Belakangan ini kita sering disuguhka dengan berita kekerasan dan pelecehan seksual pada anak di bawah umur. Tentunya hal ini membuat kita semakin khawatir pada anak-anak kita. Karena itu sebagai orang tua, Parents harus mulai mencegah perkawinan dan kekerasan anak mulai dari rumah sendiri.
Latar Belakang Tingginya Angka Kekerasan Pada Anak
Dilansir dari data SIMFONI Kementerian Pemberdayaan Perempuan dan Perlindungan Anak, semenjak Januari hingga September 2022 saja sudah ada 17.793 kasus kekerasan. Dengan persentase tertinggi berasal dari kekerasan seksual pada anak. Sungguh mengkhawatirkan ya, Parents.

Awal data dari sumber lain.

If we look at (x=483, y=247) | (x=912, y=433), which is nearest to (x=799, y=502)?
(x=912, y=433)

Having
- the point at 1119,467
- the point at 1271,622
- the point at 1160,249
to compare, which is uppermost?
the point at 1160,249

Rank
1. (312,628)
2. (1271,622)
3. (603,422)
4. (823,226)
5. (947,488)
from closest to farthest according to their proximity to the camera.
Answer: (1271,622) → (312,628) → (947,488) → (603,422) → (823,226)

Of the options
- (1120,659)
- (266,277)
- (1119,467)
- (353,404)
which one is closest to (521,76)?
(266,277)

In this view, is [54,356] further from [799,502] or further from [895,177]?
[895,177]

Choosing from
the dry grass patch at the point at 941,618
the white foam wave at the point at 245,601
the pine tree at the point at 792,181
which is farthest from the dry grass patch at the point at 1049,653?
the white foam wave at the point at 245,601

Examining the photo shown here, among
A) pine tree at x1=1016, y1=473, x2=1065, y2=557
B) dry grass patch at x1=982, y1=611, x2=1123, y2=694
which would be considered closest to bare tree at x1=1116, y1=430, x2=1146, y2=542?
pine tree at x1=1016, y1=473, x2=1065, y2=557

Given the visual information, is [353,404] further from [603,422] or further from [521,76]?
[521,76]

Dari jumlah data tersebut, ternyata 56% adalah kasus kekerasan pada anak dengan jumlah tertinggi terjadi di usia 13-17 tahun dan 6-12 tahun dengan pelaku kebanyakan orang tua. Jumlah ini meningkat dibanding sebelumnya, data 2021 sebesar 11.952 kasus menjadi 13.651 kasus hingga September 2022.
Tingginya angka kekerasan pada anak ternyata banyak berasal dari kekerasan seksual yang dialami anak.
Anak menjadi mengalami penderitaan fisik, mental, seksual, ekonomi serta sosial yang berkepanjangan. Dan kekerasan seksual sebagai kejahatan serius membutuhkan solusi komprehensif.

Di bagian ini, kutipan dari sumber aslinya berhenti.